Work order
Give the records below again, word for word. No pictures belong in the copy.

***** Given records *****

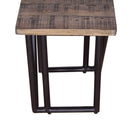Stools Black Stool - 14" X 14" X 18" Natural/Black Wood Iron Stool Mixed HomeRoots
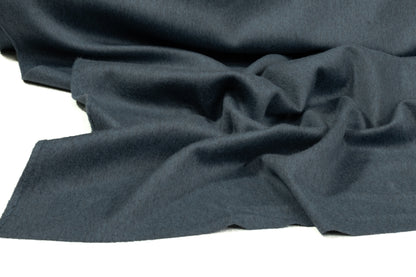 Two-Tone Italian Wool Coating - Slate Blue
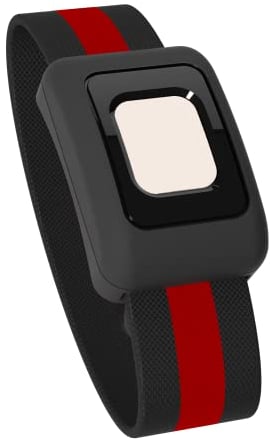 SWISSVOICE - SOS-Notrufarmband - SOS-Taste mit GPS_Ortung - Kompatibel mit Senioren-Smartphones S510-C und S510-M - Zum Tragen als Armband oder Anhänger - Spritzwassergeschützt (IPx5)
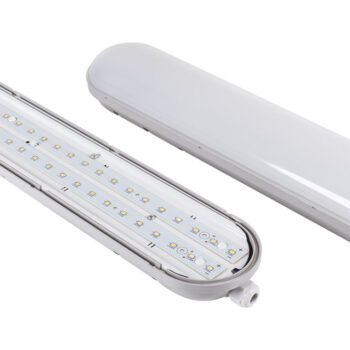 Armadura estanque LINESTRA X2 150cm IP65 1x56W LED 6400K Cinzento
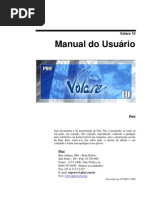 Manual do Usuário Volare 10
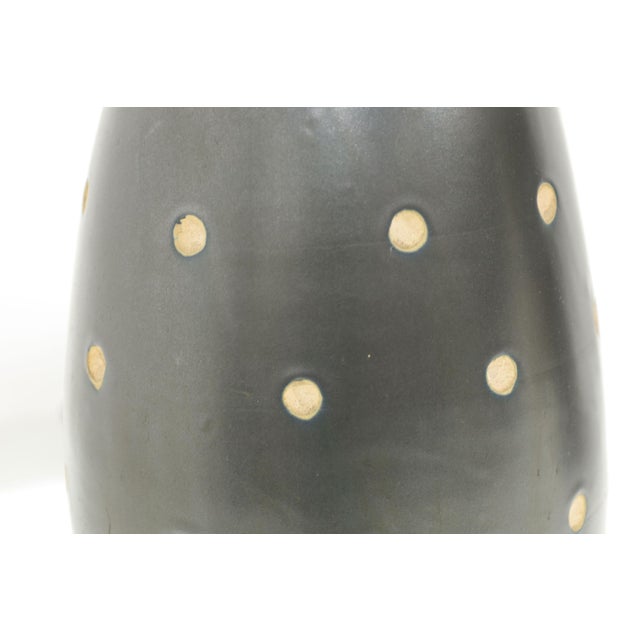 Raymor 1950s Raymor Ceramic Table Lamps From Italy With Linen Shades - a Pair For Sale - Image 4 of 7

*****

Exercise result
Stools Black Stool - 14" X 14" X 18" Natural/Black Wood Iron Stool Mixed HomeRoots
 Two-Tone Italian Wool Coating - Slate Blue
 SWISSVOICE - SOS-Notrufarmband - SOS-Taste mit GPS_Ortung - Kompatibel mit Senioren-Smartphones S510-C und S510-M - Zum Tragen als Armband oder Anhänger - Spritzwassergeschützt (IPx5)
 Armadura estanque LINESTRA X2 150cm IP65 1x56W LED 6400K Cinzento
 Manual do Usuário Volare 10
 Raymor 1950s Raymor Ceramic Table Lamps From Italy With Linen Shades - a Pair For Sale - Image 4 of 7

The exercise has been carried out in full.